# Your assignment
Leave the images out, and copy each of the records below exactly.

# The data
- Opening Delimiter -

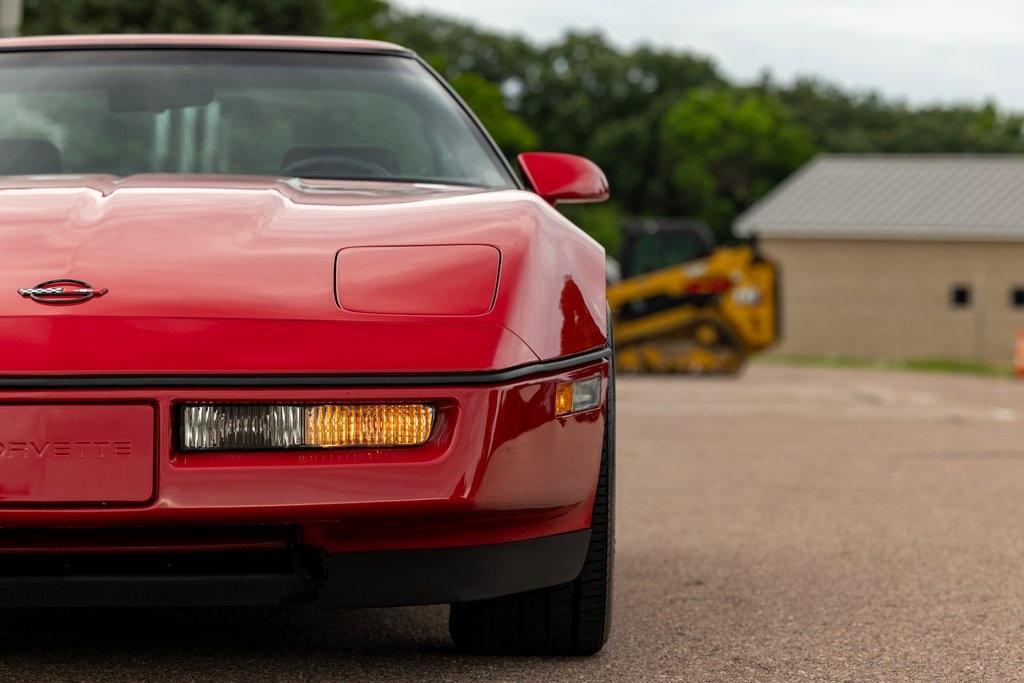 used 1984 Chevrolet Corvette car, priced at $18,722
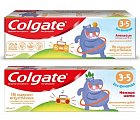 Колгейт (Colgate) Зубная паста детская без фтора с 3-5 лет, 60мл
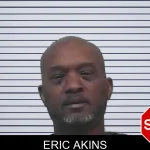 Eric Akins mugshot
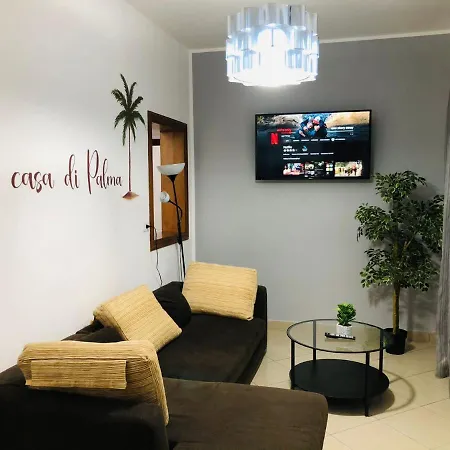 Σπίτι διακοπών La Casa Di Palma Κατάνια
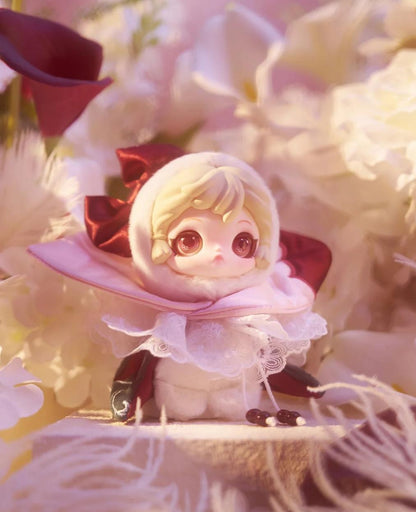Viora Unwaiting Blooming Furry Plush Blind Box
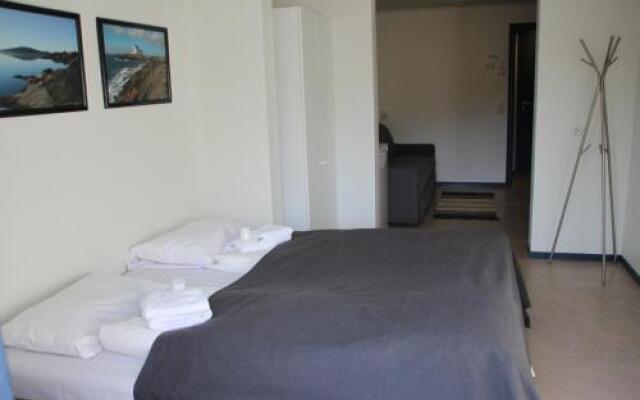 Froland Vandrerhjem/Eikely Senter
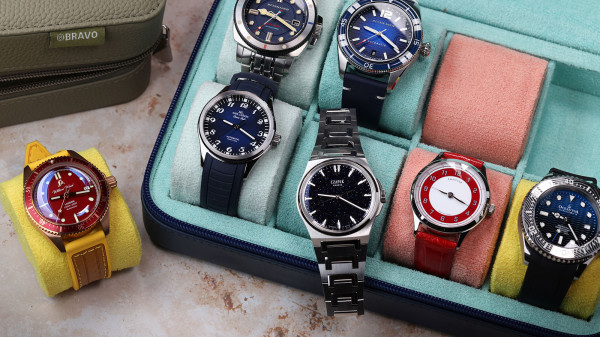 Bravo Gradient Watch Box Review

- Closing Delimiter -

# Your solution
 used 1984 Chevrolet Corvette car, priced at $18,722
 Колгейт (Colgate) Зубная паста детская без фтора с 3-5 лет, 60мл
 Eric Akins mugshot
 Σπίτι διακοπών La Casa Di Palma Κατάνια
Viora Unwaiting Blooming Furry Plush Blind Box
 Froland Vandrerhjem/Eikely Senter
 Bravo Gradient Watch Box Review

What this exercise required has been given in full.